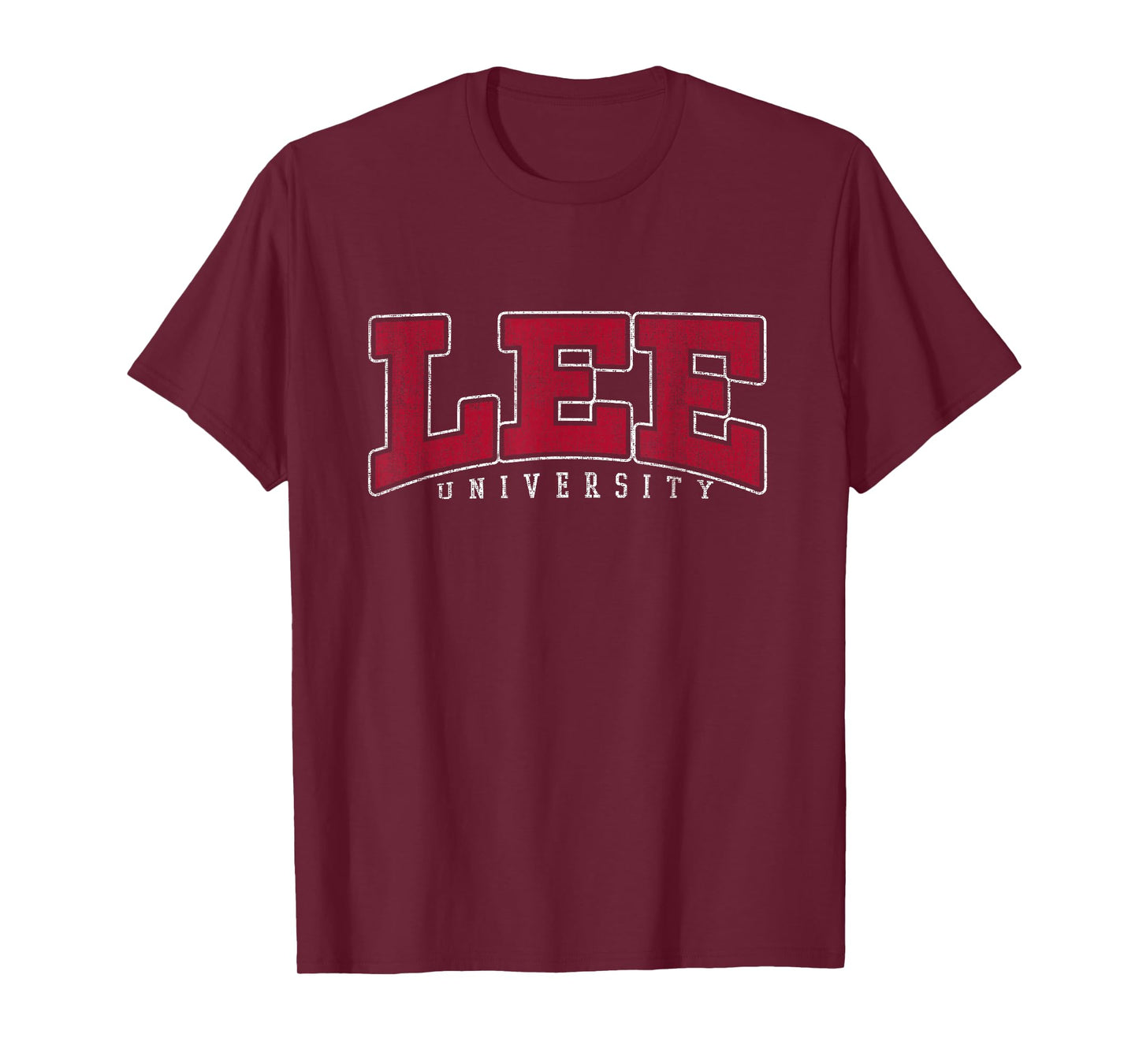 LEE Institute of Technology Arch Retro for Men Women T-Shirt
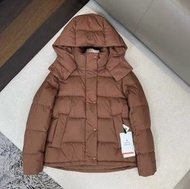 lululemon Wunder Puff系列 羽絨服 女款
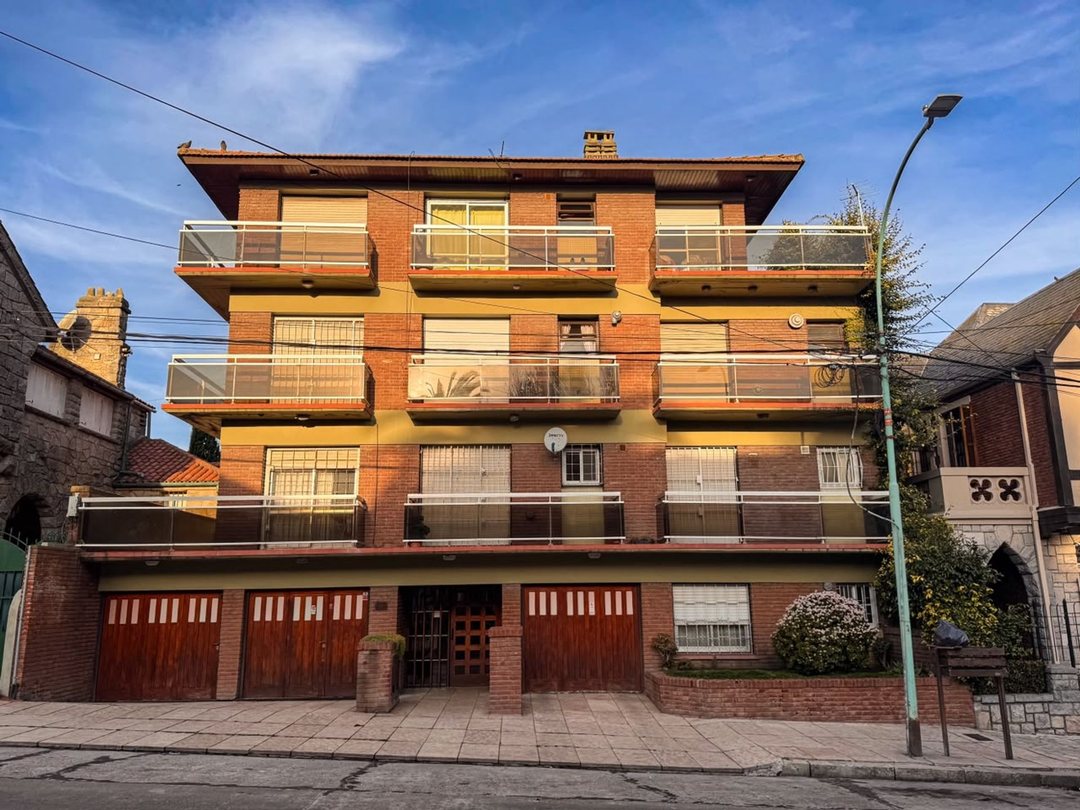 VENTA DEPTO 3 AMB - BALCON VISTA AL MAR P. IGLESIA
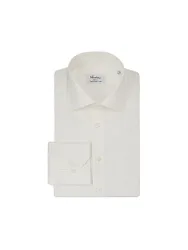 Stenströms Camisa crema 40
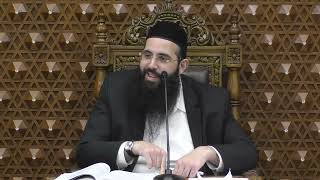 הרב רפאל אבוחצירא | תרומה | איזה לב יש לך❤️❤️❤️❤️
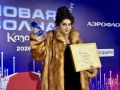Флора Бичахчян стала победителем «Новой волны - 2026» в Казани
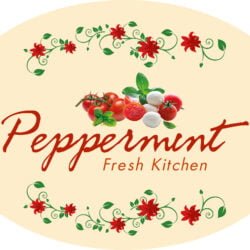 Peppermint Fresh Kitchen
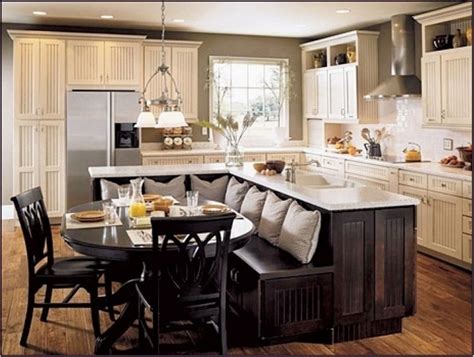 The kitchen is probably the busiest room in your house. 5 Unique, Multipurpose Kitchen Island Ideas for Modern ...
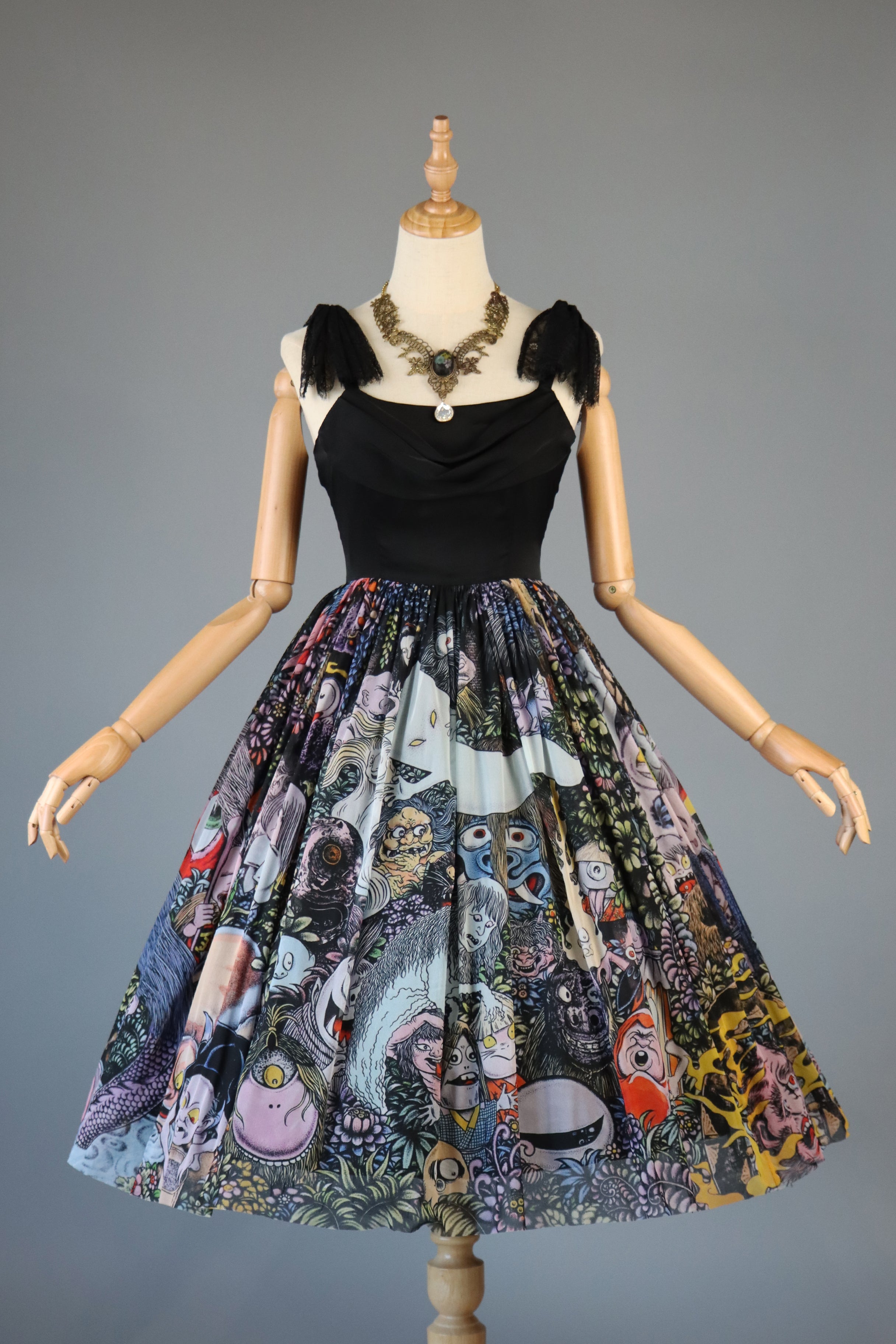 受注予約*La Rêve Illusoire(JSK) – Juliette et Justine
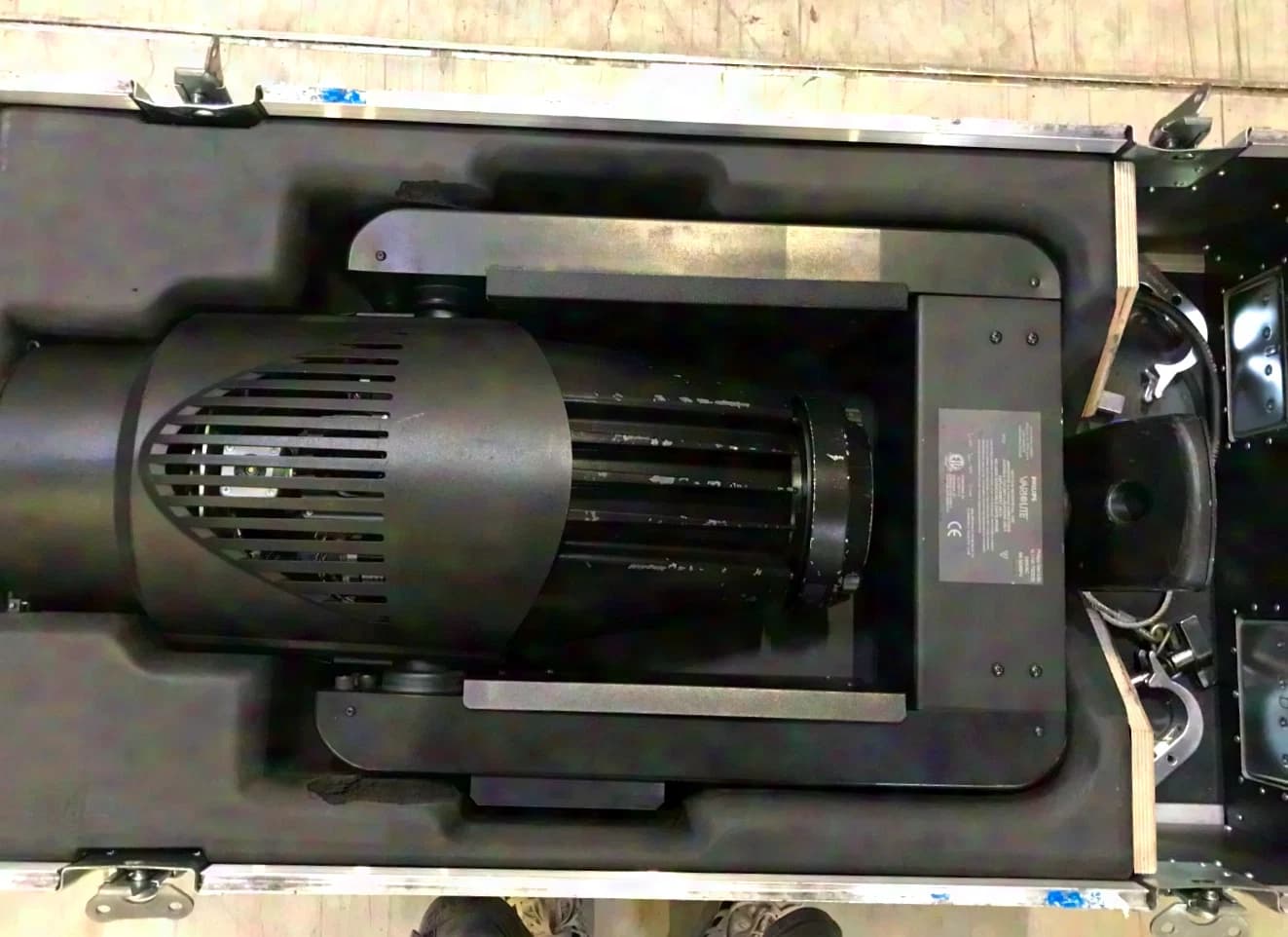 Vari*Lite VL1000 / 1100 TS D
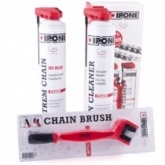 Комплект по уходу за цепью Ipone Off Road Chain Care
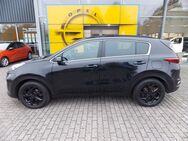 Kia Sportage, 1.6 T-GDI Black Edition, Jahr 2021 - Brunsbüttel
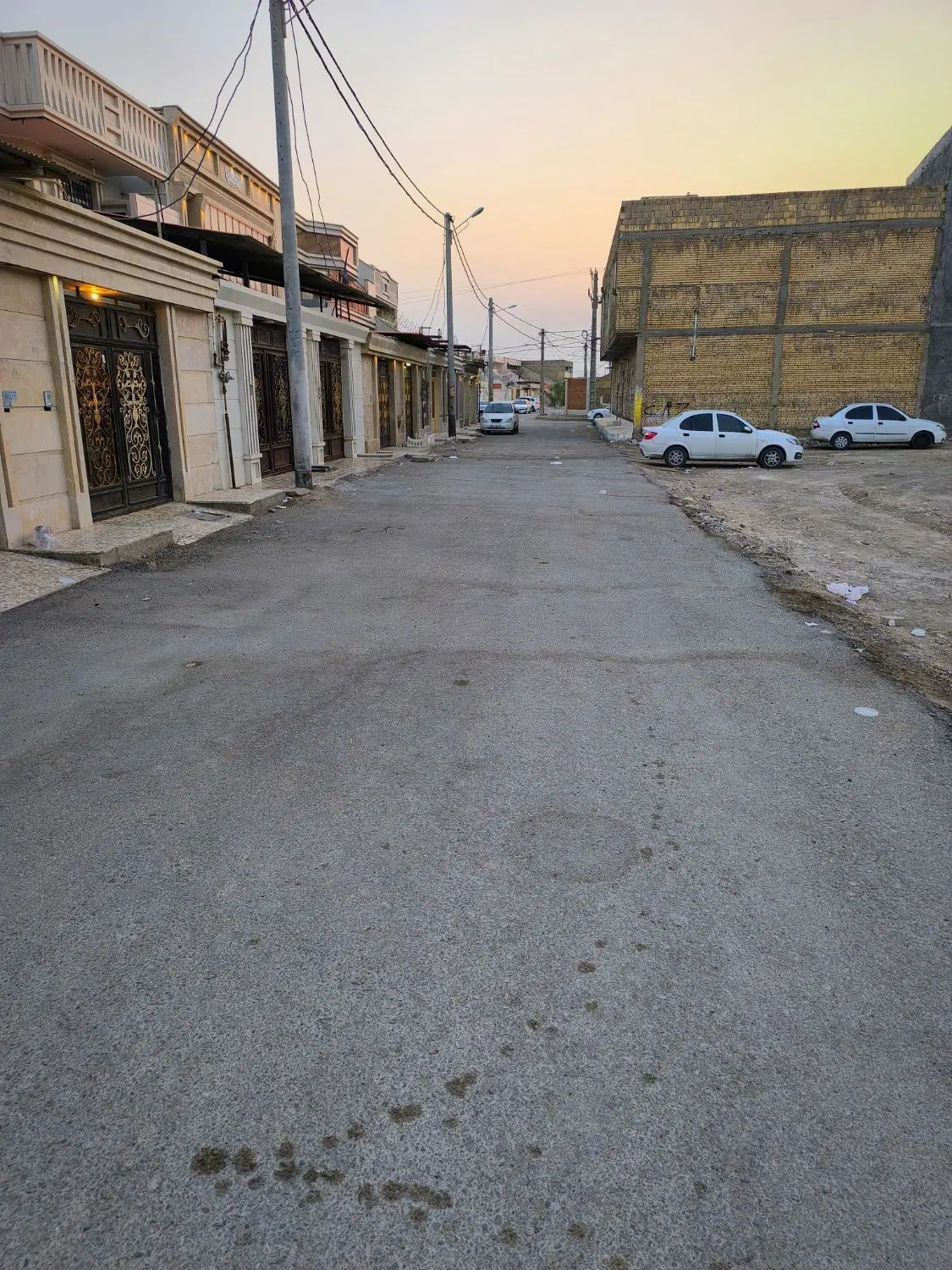 فروش _ویلایی_۹۵ متر_ بهمن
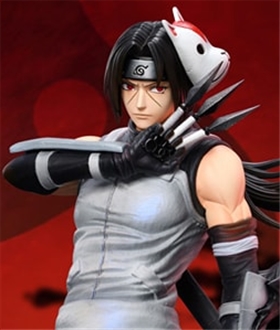 Anbu Itachi - Naruto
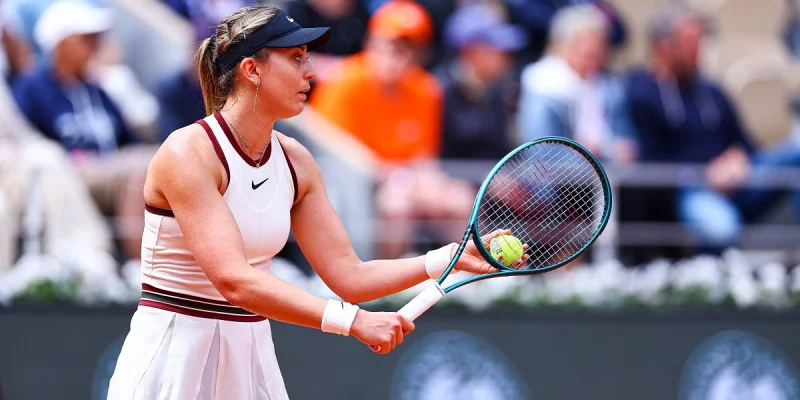 Елена Габриэла Рузе - Паула Бадоса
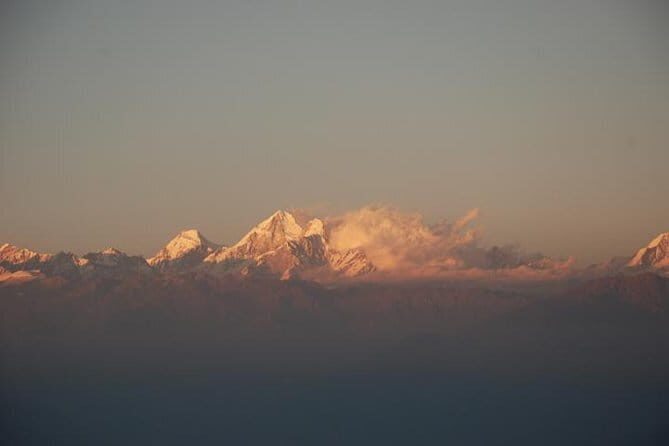 12 Days Annapurna Circuit Trek from Kathmandu - Upper Pisang to Braga: Suspension Bridges and Tibetan-Style Architecture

· · · · ·

WHAT IS NEEDED = Looking at the records above, extract only the lines from the one with "Anbu Itachi - Naruto" through the last line, exactly, with the pictures left out.

SOLUTION FOR THIS PROBLEM =
 Anbu Itachi - Naruto
 Елена Габриэла Рузе - Паула Бадоса
 12 Days Annapurna Circuit Trek from Kathmandu - Upper Pisang to Braga: Suspension Bridges and Tibetan-Style Architecture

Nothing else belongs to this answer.